Evangelist William Bumphus helps ex-offenders find new life

by Carol Shepard

Almost a year ago it was no more than a neighborhood eyesore, covered in graffiti–a boarded-up crack house that had been vacant 15 years. Now the two-story building in northwest Indianapolis boasts a new life, trumpeted to passersby by a small red and white sign that reads: "The Jesus House."

Although its residents are ex-offenders just discharged from prison, there are no drugs here. And the only party going on inside this house is what residents call "a Holy Ghost party."

An aftercare shelter for Christian men just released from prison, The Jesus House is more than that to its founder, prison evangelist William Bumphus. It’s a place of restoration for ex-offenders who found salvation while behind bars.

"I’m looking for men who want to serve God–those ‘sold out’ Christians," said Bumphus, who has led thousands of inmates to Christ. He established his Jesus Inside Prison Ministry soon after his release from prison 19 years ago.

The Jesus House is a sorely needed answer to the nation’s serious recidivism rate. Too many inmates return to prison because they leave with no more than a probation card, $50 and a bus ticket. Unless they’re discipled in the faith and offered lodging and employment assistance, the men, Bumphus knows, will most likely return to crime.

His vision for the facility was born in 1984 after a similar halfway house he started failed. "I learned the hard way you can’t mix street people and prisoners," Bumphus said.

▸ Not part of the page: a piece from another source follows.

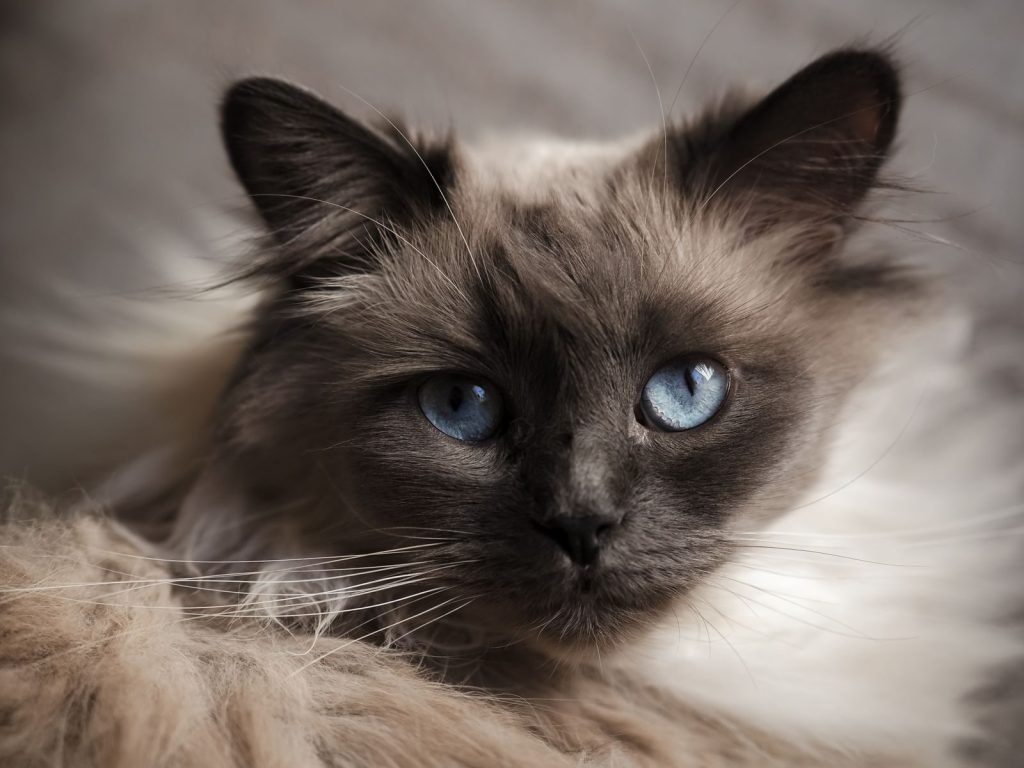 Adorable close-up of a blue-eyed Birman cat with fluffy fur. Perfect for pet lovers.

In July 1997 the building was purchased with funding from local pastors. But neighbors opposed the home, and Bumphus had to install the furnace and plumbing himself.

Bumphus’ first guest arrived the next month, but the house wasn’t ready. Robert Weddington, 53, had just been discharged from a 12-year drug sentence. Weddington volunteered to help remodel the house, and today he serves as resident director.

"A Christian in prison spends 80 percent of his time praising God and studying the Word," Weddington said. "But when you leave prison, there is so much stress-mostly from trying to find a job."

Mark Barmes, 39, is one of the newest residents of The Jesus House. After serving more than four years of a 10-year child molesting sentence, Barmes moved to the facility in April.

Prison life had taken its toll on Barmes. He lost his family and a job making $80,000 a year. After prison he took a severe pay cut, had no transportation and lived in a hotel.

"Sometimes I feel all alone in this world," Barmes said. "But I can be myself at The Jesus House." Currently Barmes and Weddington are studying the Book of Proverbs together.

Weddington and Bumphus have implemented a strict program that provides a bridge Christian ex-offenders need. It offers safety, fellowship, accountability and time to adjust to civilian life.

"Seventy percent of their time here they’re in church or Bible-oriented discussions," Weddington said. Employment and residency referrals are also provided.

"It’s easier living inside prison than on the outside," Bumphus added. "The average guy in prison goes to church every day for seven years. When he gets out the church doors are only open once a week. Most prisoners don’t make it."

Bumphus believes a stay at The Jesus House–even though it is temporary–will keep men from returning to prison. "The devil doesn’t want these men to have power," he said. "We teach these guys how to be victorious in Christ."